• **Exercise**:
Beginning at the line containing "Campera adidas Originals", repeat each line below exactly up to and including the line containing "Honda 2024 INSPIRE". Do not repeat the pictures.

[Opening Dataset content section]

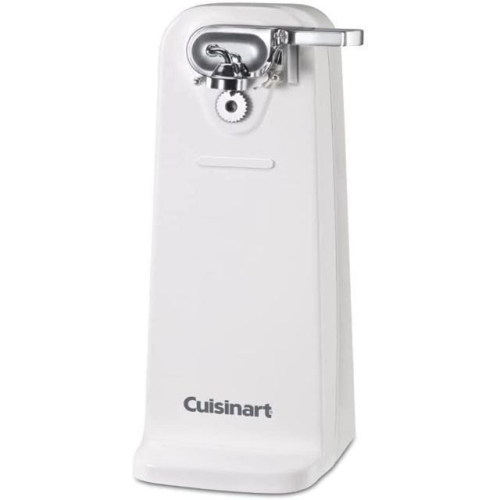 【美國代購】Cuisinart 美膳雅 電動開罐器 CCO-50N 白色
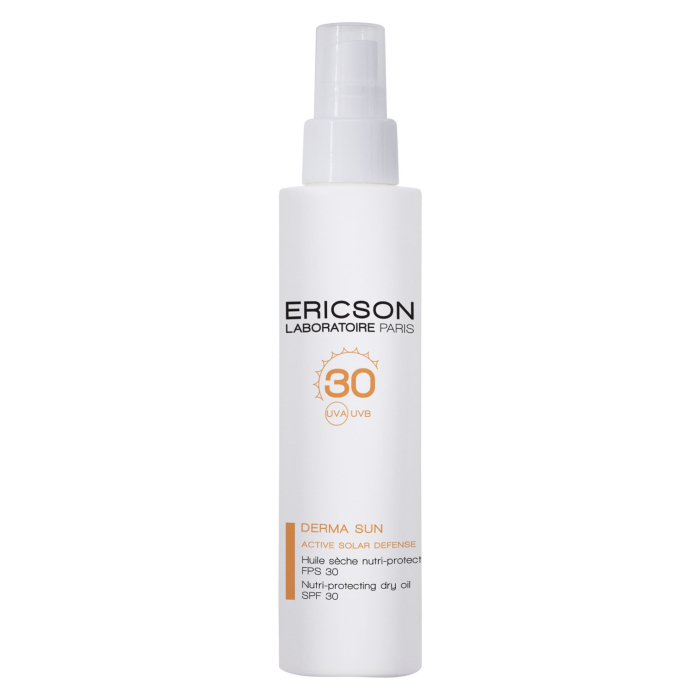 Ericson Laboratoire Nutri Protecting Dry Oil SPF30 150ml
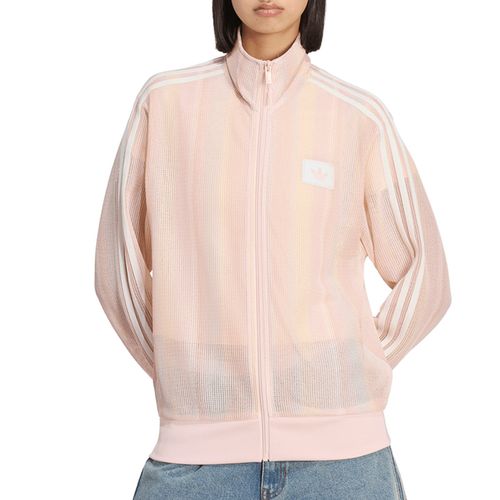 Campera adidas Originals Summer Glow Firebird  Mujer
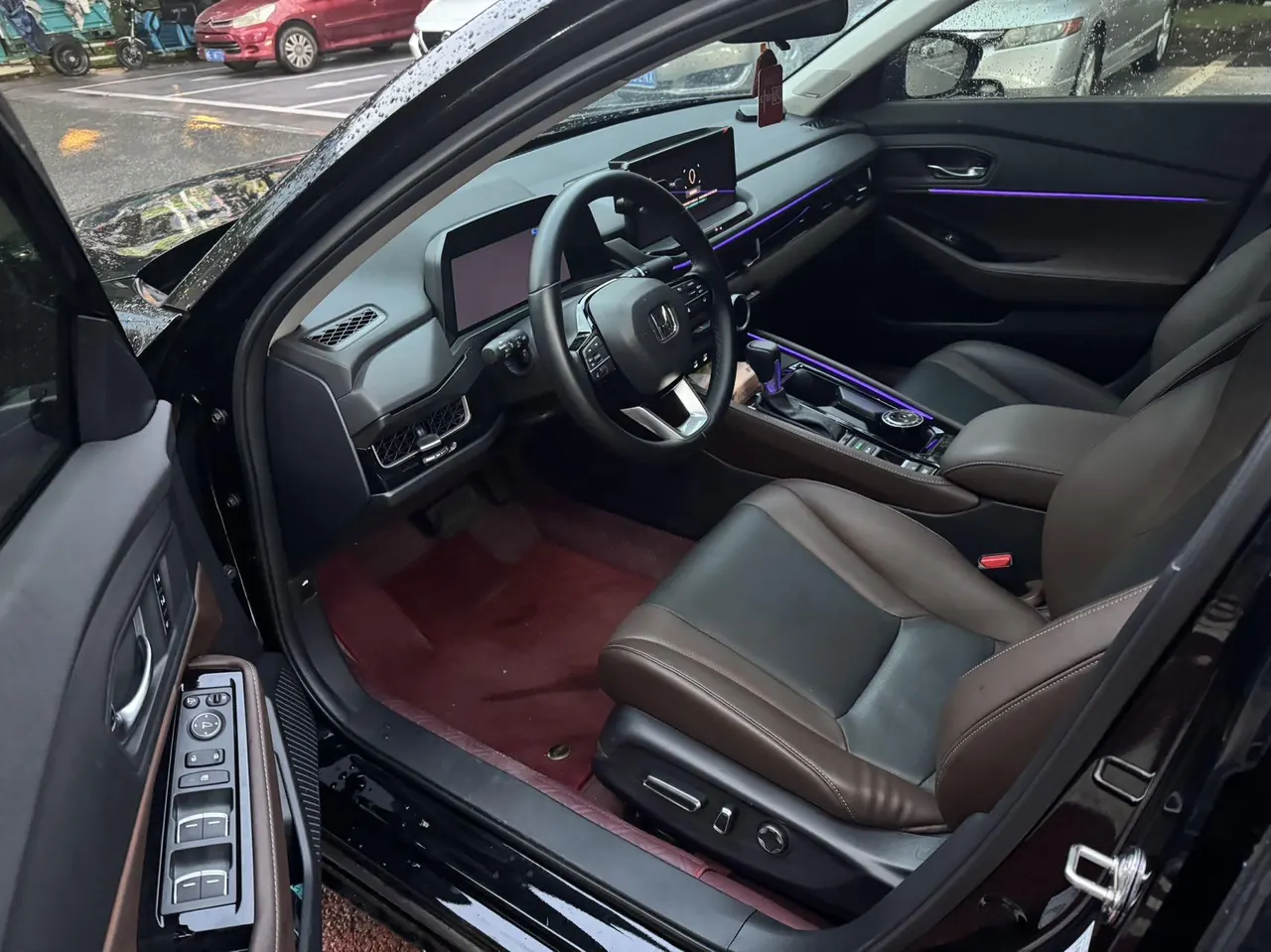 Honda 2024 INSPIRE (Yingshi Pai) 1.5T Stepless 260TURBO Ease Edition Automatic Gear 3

[Closing Dataset content section]
[Opening Dataset content section]

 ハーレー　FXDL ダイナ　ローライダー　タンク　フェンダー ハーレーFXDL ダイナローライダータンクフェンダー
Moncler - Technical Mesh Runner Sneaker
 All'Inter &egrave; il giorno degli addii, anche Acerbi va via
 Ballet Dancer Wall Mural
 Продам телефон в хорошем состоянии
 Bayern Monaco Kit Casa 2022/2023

[Closing Dataset content section]

• **Exercise result**:
 Campera adidas Originals Summer Glow Firebird  Mujer
 Honda 2024 INSPIRE (Yingshi Pai) 1.5T Stepless 260TURBO Ease Edition Automatic Gear 3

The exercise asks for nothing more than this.